先日、高校の後輩・先生と英語学習の話をしていた時、ふとしたことに気がついた。世の中で唱えられている英語学習は、極めて商業的で非本質的なのではないか、ということだ。
本屋に足を運んでみると、英語学参書のコーナーは多様なジャンルが溢れかえっている。「リスニング」「英作文」は当たり前だとしても、「長文」「イディオム」「和文英訳」「英文和訳」「英文解釈」「発音・アクセント」…etc。私は参考書は好きだったがあまり込み入ったジャンルごとの学習はしていない。単語と文法こそ英語学習の基礎であり、その基礎が整っていない限りおそらく本質的な英語の能力は身につかない。むしろ、それができていれば細かくジャンル分けされた勉強をしなくても英語の問題は解けてしまうし英語は使えてしまうのではないかと思うのだ。しかしながら、大抵の場合負担が重く精神的にも辛い単語・文法の学習を、土台が固まらないまま終えたことにし、目先の課題を済ませていくため次へ次へと細かな学習に進んでしまう高校生・受験生は多い。その場合、細かくジャンル分けされた英語学習は非本質的で、固まっていない土台をパッチワークのように埋め合わせていく小手先の作業に過ぎないのではないか。話を聞いていると、英語ができないと悩んでいる高校生は、時には中学英文法すらおぼつかない人もいるし、リスニングができないと悩んでいる高校生は、そもそも英単語や英文法をきちんと覚えられていない人がいるのだ。
だからこそ、土台を完成させないまま巷で唱えられている英語学習の「ルート」に囚われてしまうことは、英語という言語を習得するに至ってはあまりに非本質的ではないか、と疑ってしまう。

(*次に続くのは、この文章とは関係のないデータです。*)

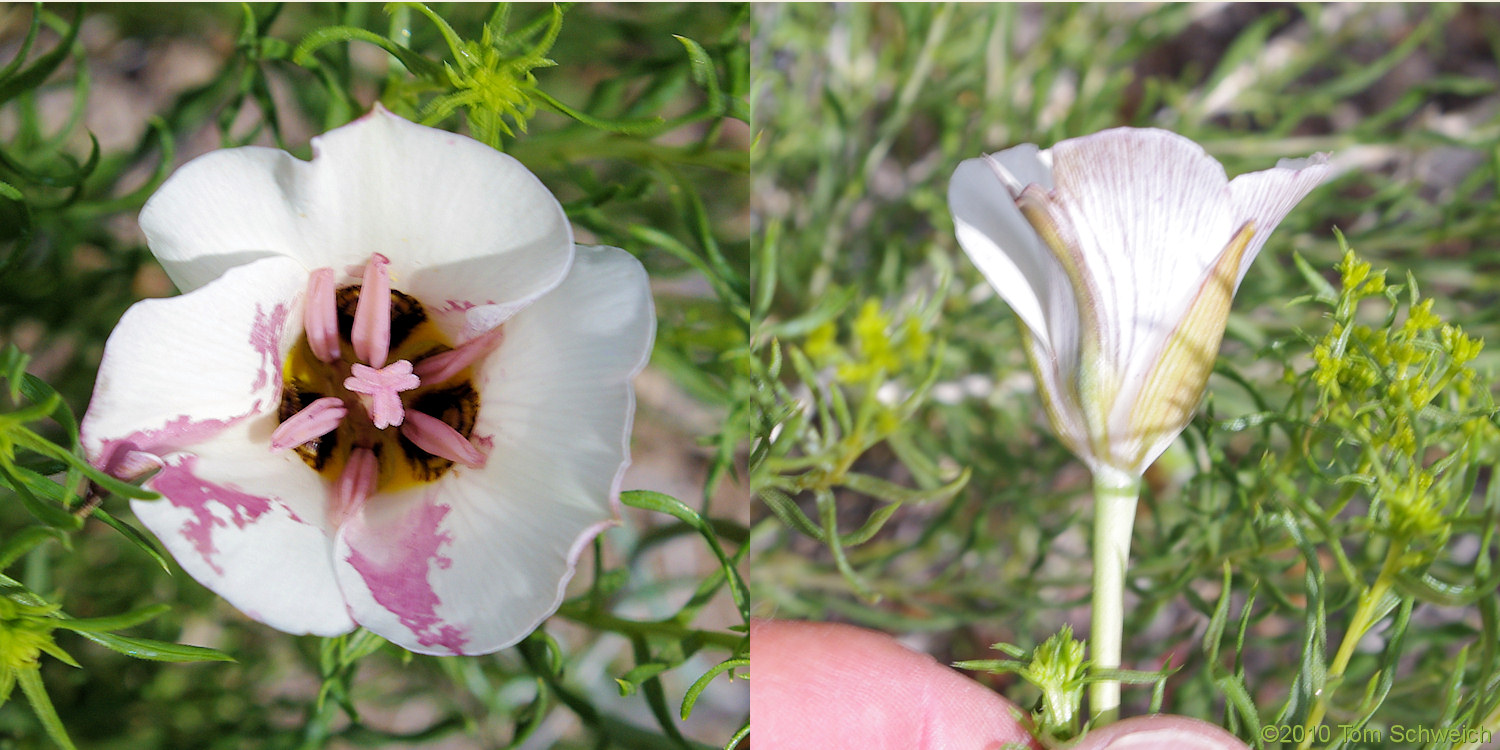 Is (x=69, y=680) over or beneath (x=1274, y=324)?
beneath

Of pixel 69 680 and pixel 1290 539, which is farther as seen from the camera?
pixel 69 680

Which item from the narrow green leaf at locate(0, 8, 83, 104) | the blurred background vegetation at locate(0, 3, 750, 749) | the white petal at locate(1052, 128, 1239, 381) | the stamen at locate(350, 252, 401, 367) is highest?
the white petal at locate(1052, 128, 1239, 381)

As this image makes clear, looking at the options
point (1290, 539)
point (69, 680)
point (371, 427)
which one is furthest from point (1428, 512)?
point (69, 680)

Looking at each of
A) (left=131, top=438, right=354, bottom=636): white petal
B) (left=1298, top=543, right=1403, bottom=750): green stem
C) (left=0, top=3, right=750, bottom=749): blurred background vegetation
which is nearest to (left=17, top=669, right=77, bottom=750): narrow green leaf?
(left=0, top=3, right=750, bottom=749): blurred background vegetation

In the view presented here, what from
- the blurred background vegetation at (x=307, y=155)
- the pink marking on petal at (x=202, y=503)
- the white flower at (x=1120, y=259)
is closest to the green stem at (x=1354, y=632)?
the white flower at (x=1120, y=259)

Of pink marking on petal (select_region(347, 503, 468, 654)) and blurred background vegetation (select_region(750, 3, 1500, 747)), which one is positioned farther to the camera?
blurred background vegetation (select_region(750, 3, 1500, 747))

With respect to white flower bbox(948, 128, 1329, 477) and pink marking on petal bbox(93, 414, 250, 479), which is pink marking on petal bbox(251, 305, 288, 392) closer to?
pink marking on petal bbox(93, 414, 250, 479)

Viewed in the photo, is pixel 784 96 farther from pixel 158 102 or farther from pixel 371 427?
pixel 158 102

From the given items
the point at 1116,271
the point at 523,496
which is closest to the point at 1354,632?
the point at 1116,271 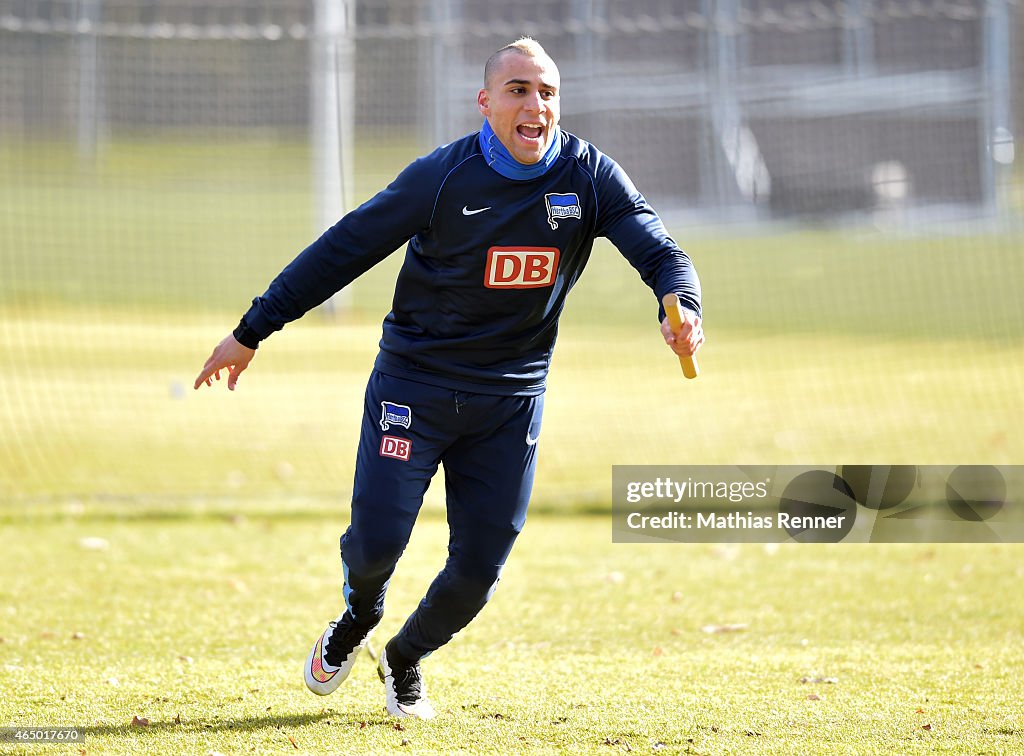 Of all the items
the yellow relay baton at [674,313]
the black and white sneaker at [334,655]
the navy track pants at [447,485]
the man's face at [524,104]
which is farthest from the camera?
the black and white sneaker at [334,655]

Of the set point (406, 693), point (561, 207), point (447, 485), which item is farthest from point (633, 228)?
point (406, 693)

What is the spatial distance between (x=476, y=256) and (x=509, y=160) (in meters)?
0.33

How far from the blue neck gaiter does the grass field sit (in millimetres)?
1796

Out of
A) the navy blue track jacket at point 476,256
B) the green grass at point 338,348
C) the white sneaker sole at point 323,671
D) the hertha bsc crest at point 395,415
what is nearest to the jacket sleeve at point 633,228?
the navy blue track jacket at point 476,256

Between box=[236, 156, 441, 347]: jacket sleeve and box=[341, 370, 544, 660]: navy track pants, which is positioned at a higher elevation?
box=[236, 156, 441, 347]: jacket sleeve

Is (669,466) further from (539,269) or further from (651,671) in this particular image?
(539,269)

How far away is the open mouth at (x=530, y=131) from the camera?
13.3ft

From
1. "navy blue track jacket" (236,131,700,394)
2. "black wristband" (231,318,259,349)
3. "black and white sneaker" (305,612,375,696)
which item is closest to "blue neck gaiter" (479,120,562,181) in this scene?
"navy blue track jacket" (236,131,700,394)

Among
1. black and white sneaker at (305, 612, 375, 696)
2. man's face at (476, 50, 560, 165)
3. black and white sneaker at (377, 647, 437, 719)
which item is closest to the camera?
man's face at (476, 50, 560, 165)

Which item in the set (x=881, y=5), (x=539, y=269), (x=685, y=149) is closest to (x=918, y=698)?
(x=539, y=269)

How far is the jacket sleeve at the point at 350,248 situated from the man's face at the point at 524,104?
26cm

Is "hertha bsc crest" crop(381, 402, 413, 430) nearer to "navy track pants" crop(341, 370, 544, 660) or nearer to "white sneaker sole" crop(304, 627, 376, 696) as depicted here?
"navy track pants" crop(341, 370, 544, 660)

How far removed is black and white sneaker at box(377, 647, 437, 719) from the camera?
437 centimetres

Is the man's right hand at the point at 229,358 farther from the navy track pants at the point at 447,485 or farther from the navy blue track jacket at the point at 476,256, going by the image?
the navy track pants at the point at 447,485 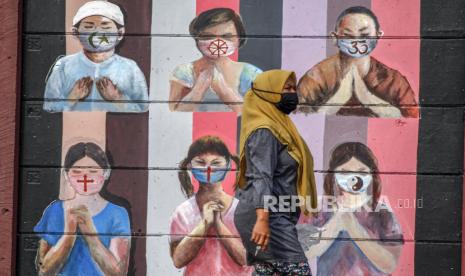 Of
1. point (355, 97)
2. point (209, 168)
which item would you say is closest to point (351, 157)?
point (355, 97)

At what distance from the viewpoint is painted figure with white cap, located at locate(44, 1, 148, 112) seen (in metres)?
6.90

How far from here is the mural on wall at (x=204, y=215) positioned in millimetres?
6844

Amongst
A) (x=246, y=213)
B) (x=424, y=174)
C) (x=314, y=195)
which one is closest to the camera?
(x=246, y=213)

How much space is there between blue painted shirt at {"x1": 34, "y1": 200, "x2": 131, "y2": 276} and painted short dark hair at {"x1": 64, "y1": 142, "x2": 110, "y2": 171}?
0.27m

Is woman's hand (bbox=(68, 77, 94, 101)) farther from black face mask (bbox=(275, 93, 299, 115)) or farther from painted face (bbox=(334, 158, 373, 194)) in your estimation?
black face mask (bbox=(275, 93, 299, 115))

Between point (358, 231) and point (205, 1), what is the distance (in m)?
1.76

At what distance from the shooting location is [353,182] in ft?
22.4

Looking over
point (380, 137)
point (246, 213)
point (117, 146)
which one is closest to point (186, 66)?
point (117, 146)

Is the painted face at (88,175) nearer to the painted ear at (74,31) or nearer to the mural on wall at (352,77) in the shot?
the painted ear at (74,31)

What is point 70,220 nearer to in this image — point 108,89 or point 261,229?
point 108,89

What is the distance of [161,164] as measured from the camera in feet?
22.5

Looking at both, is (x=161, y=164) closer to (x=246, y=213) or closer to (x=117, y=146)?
(x=117, y=146)

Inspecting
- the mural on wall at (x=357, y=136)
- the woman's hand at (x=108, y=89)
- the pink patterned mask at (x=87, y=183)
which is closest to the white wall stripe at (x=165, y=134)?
the mural on wall at (x=357, y=136)

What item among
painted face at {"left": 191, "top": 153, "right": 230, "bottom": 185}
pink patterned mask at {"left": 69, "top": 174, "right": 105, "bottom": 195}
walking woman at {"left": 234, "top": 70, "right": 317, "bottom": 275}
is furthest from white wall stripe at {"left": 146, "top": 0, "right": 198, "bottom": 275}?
walking woman at {"left": 234, "top": 70, "right": 317, "bottom": 275} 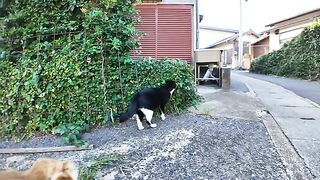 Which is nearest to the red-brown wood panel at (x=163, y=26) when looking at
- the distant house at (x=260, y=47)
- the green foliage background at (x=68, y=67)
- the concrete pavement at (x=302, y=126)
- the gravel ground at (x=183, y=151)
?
the green foliage background at (x=68, y=67)

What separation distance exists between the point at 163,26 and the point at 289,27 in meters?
16.9

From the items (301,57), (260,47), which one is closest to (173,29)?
(301,57)

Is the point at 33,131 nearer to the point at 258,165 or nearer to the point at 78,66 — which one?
the point at 78,66

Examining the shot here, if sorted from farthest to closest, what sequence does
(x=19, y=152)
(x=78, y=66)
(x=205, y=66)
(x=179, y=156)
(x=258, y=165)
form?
(x=205, y=66) < (x=78, y=66) < (x=19, y=152) < (x=179, y=156) < (x=258, y=165)

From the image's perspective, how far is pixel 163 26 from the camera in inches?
280

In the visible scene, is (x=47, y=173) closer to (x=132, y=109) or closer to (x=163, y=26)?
(x=132, y=109)

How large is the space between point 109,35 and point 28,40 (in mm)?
1344

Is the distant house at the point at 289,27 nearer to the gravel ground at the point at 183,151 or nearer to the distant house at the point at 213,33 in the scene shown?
the distant house at the point at 213,33

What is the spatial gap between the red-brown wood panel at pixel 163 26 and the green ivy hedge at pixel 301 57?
994cm

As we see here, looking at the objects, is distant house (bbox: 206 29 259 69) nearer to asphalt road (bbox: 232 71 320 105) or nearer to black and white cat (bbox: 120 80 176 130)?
asphalt road (bbox: 232 71 320 105)

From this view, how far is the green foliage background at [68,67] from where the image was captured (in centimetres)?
479

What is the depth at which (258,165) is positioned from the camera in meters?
3.23

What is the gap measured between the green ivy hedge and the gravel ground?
11834 mm

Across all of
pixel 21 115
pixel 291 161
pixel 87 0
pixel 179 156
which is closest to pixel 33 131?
pixel 21 115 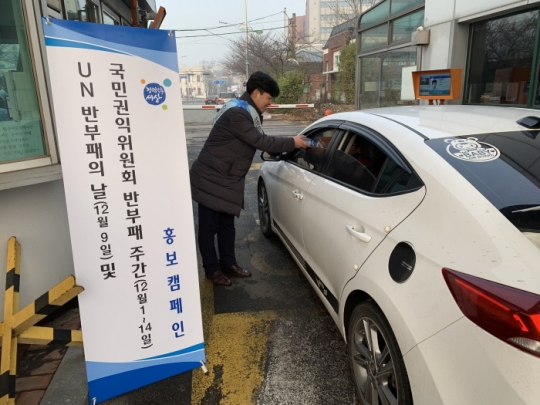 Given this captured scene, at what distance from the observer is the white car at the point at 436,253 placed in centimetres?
126

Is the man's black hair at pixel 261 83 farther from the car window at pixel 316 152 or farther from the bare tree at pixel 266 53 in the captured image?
the bare tree at pixel 266 53

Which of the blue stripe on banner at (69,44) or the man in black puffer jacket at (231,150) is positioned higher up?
the blue stripe on banner at (69,44)

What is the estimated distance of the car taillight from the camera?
119 cm

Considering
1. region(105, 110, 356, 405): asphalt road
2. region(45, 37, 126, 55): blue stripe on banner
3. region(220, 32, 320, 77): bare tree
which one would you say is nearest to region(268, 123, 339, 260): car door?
region(105, 110, 356, 405): asphalt road

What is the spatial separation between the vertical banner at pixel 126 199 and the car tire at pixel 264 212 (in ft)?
7.36

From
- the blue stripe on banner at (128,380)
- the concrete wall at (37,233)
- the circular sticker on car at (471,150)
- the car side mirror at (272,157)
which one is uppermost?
the circular sticker on car at (471,150)

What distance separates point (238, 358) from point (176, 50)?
6.26ft

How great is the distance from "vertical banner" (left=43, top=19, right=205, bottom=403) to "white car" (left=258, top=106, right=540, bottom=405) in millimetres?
949

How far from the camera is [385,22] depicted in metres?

逆に、一見非効率的な学習が、目先の効率性を重視した学習法に比べはるかに功を奏することもある

1-2. アートすらも楽しめない現代人

ところで近年、映画の映像や画像を無断で使用し10分程度にまとめてネット上にアップする「ファスト映画」が氾濫し問題化した。確かにファスト映画は色々な作品のあらすじや展開がサクサクと追えて便利だ。しかし、ファスト映画を鑑賞した後の人間に果たして何が残るというのだろうか?
アートの本来の機能は、人の感情を大きく揺さぶったりまた時には傷つけたりすることである。名作と言われる作品は多くの人に「刺さる」。絵画だってそ音楽だって人に「刺さる」機能を持っている。映画を見たり音楽を聞いたりして思わず涙を流す、というのはさほど不思議なことではない。
しかし、ファスト映画は人間に「刺さる」だろうか。内容はすぐに忘れ去られ、その作品を全く見ていないにも等しい空虚な時間潰しにしかならない。
先に結末を知りたいがためにファスト映画を観るという人もいるようだが、そういう意味での「安全性」はアートの本質的な機能をどこか低減させてしまっているのではないか。

1-3. 「コスパ・タイパ」的思考

非本質的な英語学習と、空虚な「ファスト映画」視聴はどこか共通性があるように感じる。おそらくそれは、現代の「コスパ・タイパ」を追い求める風潮だろう。目先のテストで点数を取るためには、という(本質を欠いた)コスパ的思考から「早く点に繋がりそう」な参考書が売れる。土台が固まっていないのに、パッチワークのように細かいジャンルに手を出してしまう。色々な作品のあらすじをさっと知りたい、というタイパ的思考から「早く結論がわかる」ファスト映画の視聴数が伸びる。しかし、そのあとそこには何が残っているのだろう。学んだはずの英語は土台がままならないので点も伸びなければ、もしテストで力を発揮できてもその後はすっきりと忘却される。視聴済みリストに入っているファスト映画は、無感動で無味乾燥であるばかりかその内容すら思い出せない。
本当に意味のあるものとは、その時々でさまざまなコストを伴う。英語学習も映画鑑賞も、本来は時間がかかるし精神的な浮き沈みを強いられるものだ。学習とアートはその点で共通性を帯びる。だからこそ、学習やアートに「コスパ・タイパ」的思考は全く合わないのだ。サボらないこと、傷ついたり泣いたりすることから逃げないことこそ、人間に多大な意味をもたらすというのに、現代人は空虚で近視眼的な「コスパ・タイパ」的思考に縛られている。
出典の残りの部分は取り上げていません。